EDITOR: In Thursday's editorial ("The best pledge: Keep an open mind"), the special interests referred to are working-class people, not corporations or the very wealthy. The Grayson-Takano pledge supports the health care of working people and opposes any increase in the retirement age or reduction of cost-of-living adjustments. This is anything but a virtual bookend of the Norquist pledge.
If the so-called big issues when taken off the table, like "no new taxes," will only result in failure, why has this been such a smashing success for Norquist and the Republicans, all of whom seem to be on board?
The addition of information about Rep. Jared Huffman being one of 49 who haven't signed, along with the reference to Norman Solomon favoring it, indicates to me clear support of Huffman. This editorial also tells me The Press Democrat's position in opposition to the content of the Grayson-Takano Pledge.
I'm wondering if The Press Democrat wrote an editorial criticizing the Norquist pledge at the time it was created.
Holy Week's focus
EDITOR: Much has been made of the letter that Bishop Robert Vasa initially proposed, then ultimately elected not to be a requirement to be signed by Diocesan teachers. Indeed, this has become quite a topic of conversation locally — as evidenced by the top billing that the story was given in The Press Democrat just last week, relative to the latest development concerning the issue ("Bishop relents on vow for teachers," Friday).

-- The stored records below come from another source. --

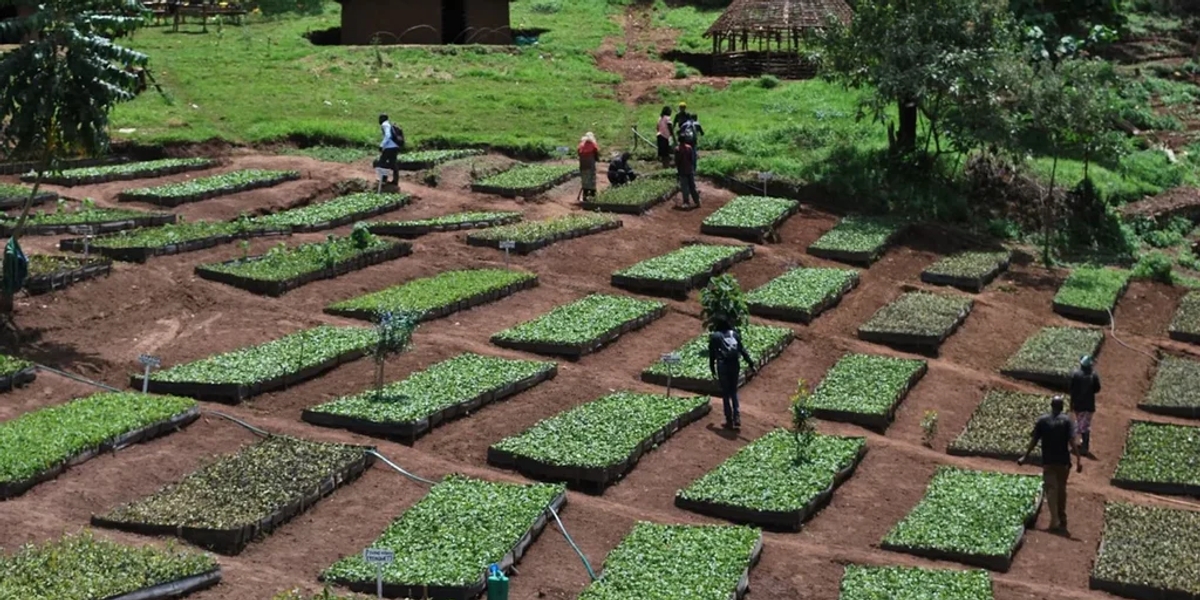 A photo of a large number of rectangular plots of plants with Kenyan workers in between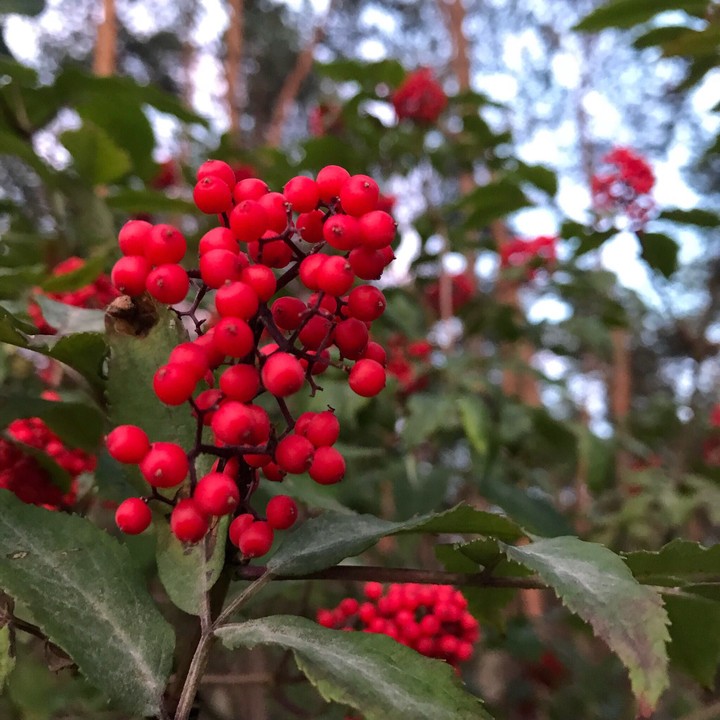 berry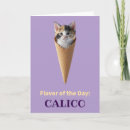 Recherche de chats de calicot vœux cartes Pour tous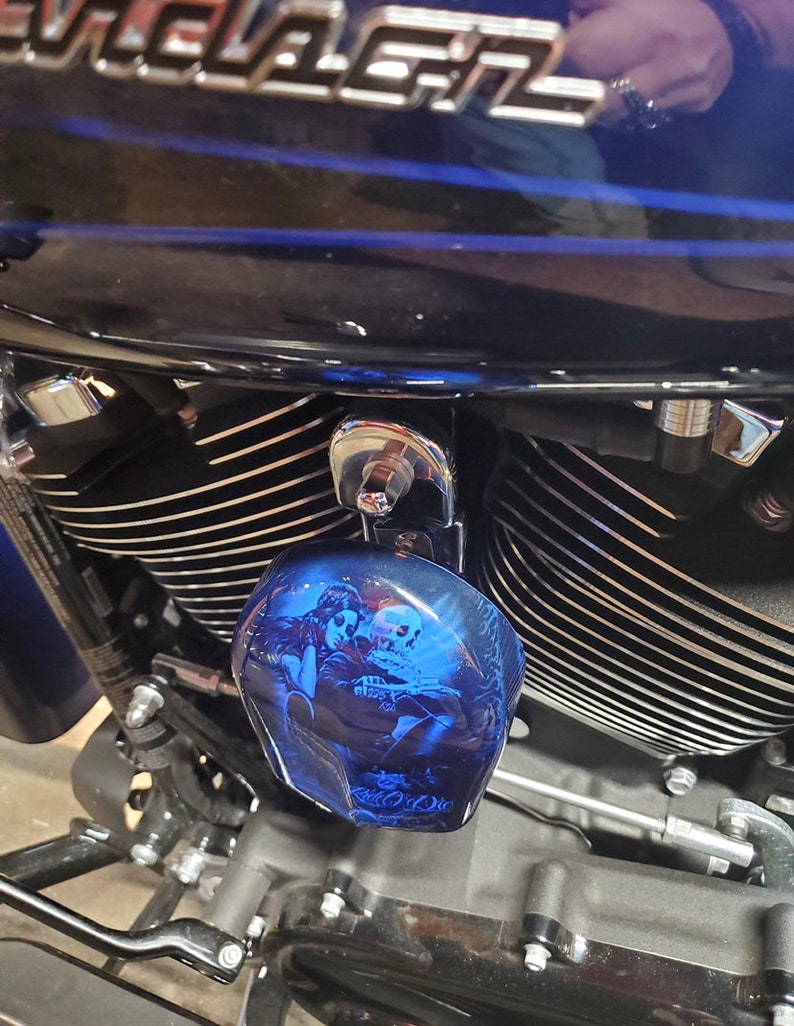 Harley Davidson Custom Horn Cover Biker Babe Etsy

Certainly, it will continue to be a source of much discussion and opinion; very deservedly so. However, during this Holy Week, that which is considered most sacred to not only those of the Catholic faith but to Christians in general, perhaps we can take the time to acknowledge that there is a bigger picture to all of this and, for this week at least, focus our respective and collective time and energy reflecting on that.